Como é a nossa interface com a luz, ou melhor, com a energia elétrica?
Este é um trabalho sobre Ruptura, tema proposto pelo professor Gonçalo Ferraz na disciplina de Design de Interfaces: identificar padrões de interação cotidianos "não-conscientes" e desenvolver um produto que gere uma ruptura cultural.
Ligando as turbinas
O que se passa dentro de um interruptor? Por dentro do simples botão de liga/desliga há bem mais que um mecanismo de interrupção do fluxo da corrente elétrica.

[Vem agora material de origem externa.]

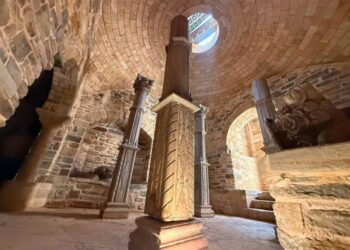 rogobete-il-invita-pe-ghinea-la-muntele-athos,-dupa-ce-l-a-ironizat-pe-facebook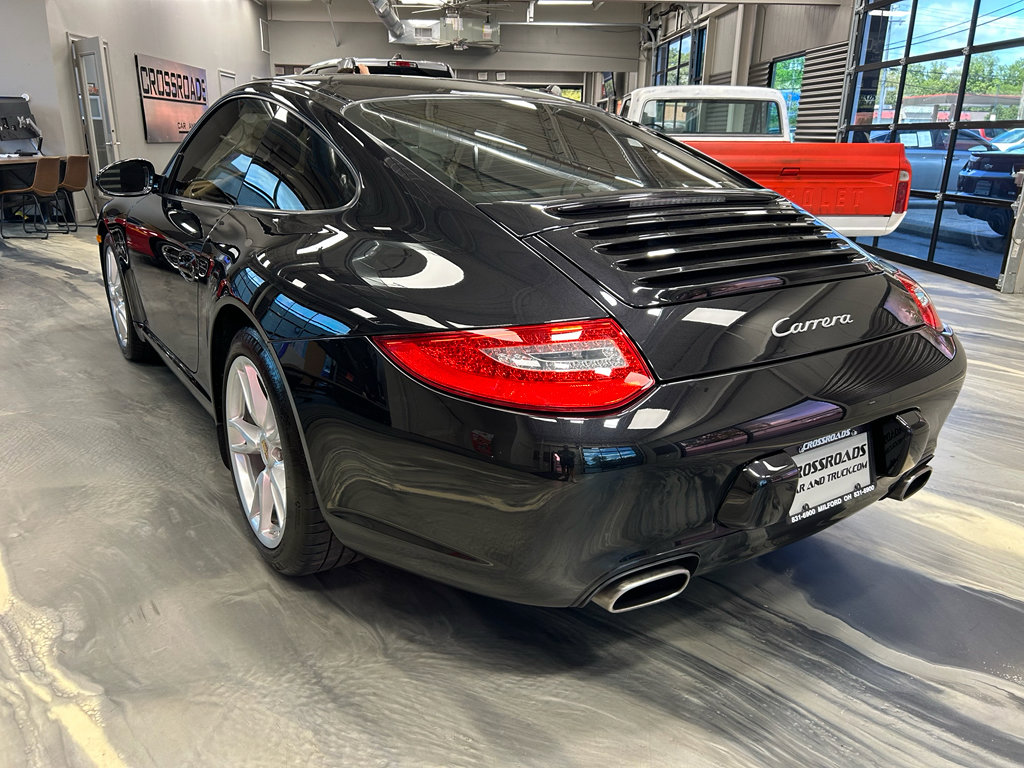 Used 2009 Porsche 911 Carrera RWD image 27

Quantos choques já foram levados até se chegar a este padrão?
Mas a eletricidade que faz uma lâmpada acender, por exemplo, não é um processo que começa no interruptor. Há um complexo de postes, cabos, manutenção e distribuição que nos levam ao começo da geração da energia que está disponível em nossas casas.

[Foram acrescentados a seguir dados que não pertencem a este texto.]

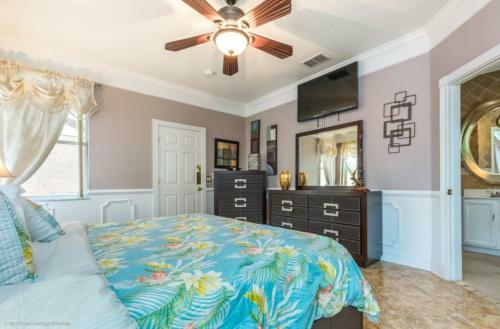 Beautiful Luau Pool Villa Next Disney World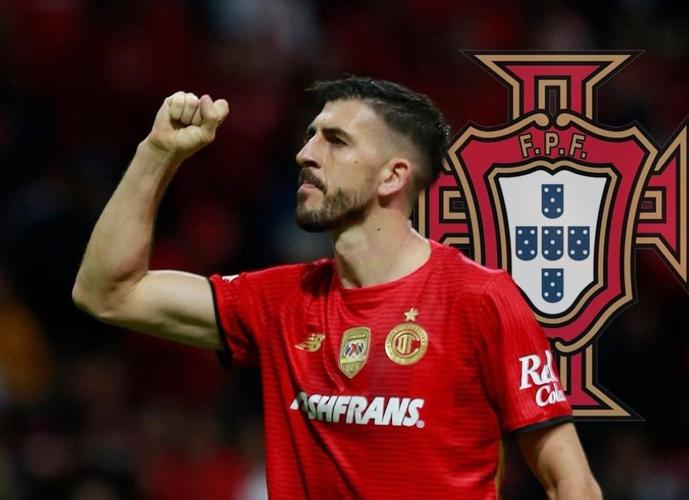 葡萄牙队官方：莱奥、莫拉退出本期集训，补招托卢卡前锋保利尼奥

Quando ligamos uma lâmpada, permitimos a passagem de uma corrente que começa nas turbinas da hidrelétrica e termina em nossas casas.
Mas será que termina? Apenas se não lembrarmos no que acontece depois que aquela energia virou luz e calor… além de desconsiderarmos a energia que provém da força da água que fez movimentar os geradores desta hidrelétrica.
Desbanalizando o banal
Falando em água, esta desconexão entre o que consumimos e o que é o que consumimos poderia ser rompida, mesmo que minimamente.

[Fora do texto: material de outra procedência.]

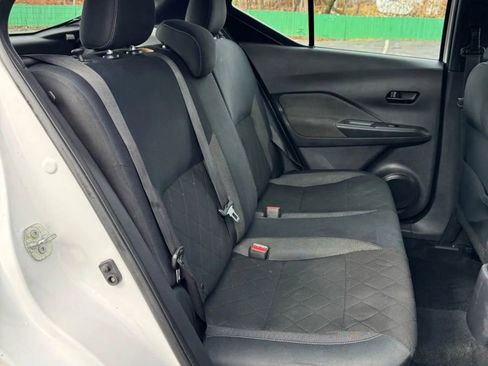 Used 2018 Nissan Kicks S w/ Exterior Electronics Package image 17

As torneiras poderiam quebrar com a nossa alienação quanto a proveniência da água que ela permite que chegar aos nossos lares. Basta um pequeno monitor mostrando, visualmente, o local de onde a água está sendo extraída
Veríamos uma sequencia de imagens das câmeras que monitoram o rio. O que acontece por lá, talvez até dados mais específicos sobre como anda o cuidado com aquela água. Interessante?
E se além disso, você pudesse escolher o rio que fornece a água que chega a sua casa (mesmo considerando que ambos passam por sistemas de tratamento)? Qual água você iria escolher?
Ah, a frase “desbanalização do banal” é do filósofo Paulo Ghiraldelli (usada para definir a Filosofia).